Trudno nam ujrzeć siebie w prawdzie, ale jeden promyk Światła Bożego obnaża naszą nędzę. Wówczas chwytasz twarz w dłonie i krzyczysz: „Jezu wybacz”. Właśnie napłynęło słowo megalomania: „zawyżona nieprawidłowa samoocena, a nawet urojenie wielkościowe”...

    Jakby na znak oglądałem wywiad Elizy Michalik ze Stefanem Niesiołowskim („dajcie mi władzę, a ja was urządzę”). Pan poseł jest prawdziwym patriotą i demokratą (opozycja w postaci „pisowskich lizusów” szkodzi Polsce), katolikiem "wierzącym inaczej" (zwolennikiem zabijania dzieci szczególnej troski) oraz homofobem, ale „macha ręką”, gdy premier karze (wybór Nowickiej na marszałka)!

    Podczas przejścia na Mszę św. moje ciało zostało zalane „poczuciem wielkości”. Wówczas nie wiedziałem dlaczego i próbowałem to sobie wytłumaczyć, bo wcale nie czułem się silny po kilku dniach wyczerpującego boju duchowego.

    Postanowiłem, że dzisiaj Mszę św. spędzę w słoneczku i na ławce przed kościołem, bo należy mi się „odpoczynek”. Przy okazji zacząłem gadać o Donaldzie Tusku i liście, który napisałem do niego poprzez „Fakt", który odwiedził (17.02.2008 r.). Tam oceniłem jego osobowość w sensie przydatności do rządzenia moją ojczyzną:

 Dobry człowiek (typ zachowanie „B”), ale bez charyzmy - pomylenie powołania.

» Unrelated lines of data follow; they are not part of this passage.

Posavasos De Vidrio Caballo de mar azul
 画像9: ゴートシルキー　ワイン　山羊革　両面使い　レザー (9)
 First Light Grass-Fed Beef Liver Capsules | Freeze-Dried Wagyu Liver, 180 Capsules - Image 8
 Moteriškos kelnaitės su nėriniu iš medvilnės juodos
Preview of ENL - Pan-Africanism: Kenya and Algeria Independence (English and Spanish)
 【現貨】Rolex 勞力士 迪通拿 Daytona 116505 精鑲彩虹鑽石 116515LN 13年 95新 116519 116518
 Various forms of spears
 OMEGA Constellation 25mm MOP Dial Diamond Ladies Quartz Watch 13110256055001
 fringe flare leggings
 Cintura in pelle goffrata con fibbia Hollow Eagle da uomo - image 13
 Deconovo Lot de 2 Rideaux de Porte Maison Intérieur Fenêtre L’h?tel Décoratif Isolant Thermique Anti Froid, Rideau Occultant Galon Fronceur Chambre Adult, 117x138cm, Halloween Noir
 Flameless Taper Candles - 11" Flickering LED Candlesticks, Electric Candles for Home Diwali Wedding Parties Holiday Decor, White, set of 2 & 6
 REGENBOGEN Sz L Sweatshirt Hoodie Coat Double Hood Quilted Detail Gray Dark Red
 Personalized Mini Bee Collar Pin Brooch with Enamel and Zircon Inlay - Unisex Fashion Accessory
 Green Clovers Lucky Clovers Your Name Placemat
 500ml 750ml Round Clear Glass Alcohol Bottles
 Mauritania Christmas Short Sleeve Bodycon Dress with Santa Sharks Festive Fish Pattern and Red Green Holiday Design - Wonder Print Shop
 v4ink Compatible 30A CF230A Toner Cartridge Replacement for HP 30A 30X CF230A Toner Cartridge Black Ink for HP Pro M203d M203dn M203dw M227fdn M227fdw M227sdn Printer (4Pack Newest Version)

 Udaje, że rządzi - figurant.

Pragnie zostać prezydentem - chory na władzę! 

Mętność w mowie.

    Św. Hieronim "Listy": "rozwlekłej mowie brak przejrzystości, a gdy ktoś jej nie rozumie, to oczywiście nie gani"

Ps. 56, 5.  "nie układnymi i miłymi ludziom słowami /../ lecz językiem prostym, aby/../ tłumaczenie nie wymagało innego tłumacza /../". Na jakich kursach i gdzie tego uczono?

Brak błogosławieństwa Bożego!

    "Pan ci rzekł, iż będzie dla ciebie Bogiem, o ile ty będziesz chodził Jego drogami, strzegł Jego nakazów, praw i rozporządzeń i słuchał Jego głosu /../". 

Nie wystarczy zawołać: "Tak mi dopomóż Bóg”!

Niesłowność (fatalna wada u mężczyzny) - „platforma obietnic”...

    Dziwne, bo właśnie trafiłem na mój wpis pod radami Lecha Wałęsy (Onet.pl): 

    << Proszę zdjąć MB Częstochowską, bo rozbija Pan jedność Polaków, których łączy miłość do Matki Bożej. Jak Pan chce oddzielić wiarę od polityki? Przecież: nie kradnij, nie cudzołóż, nie mów fałszywego świadectwa...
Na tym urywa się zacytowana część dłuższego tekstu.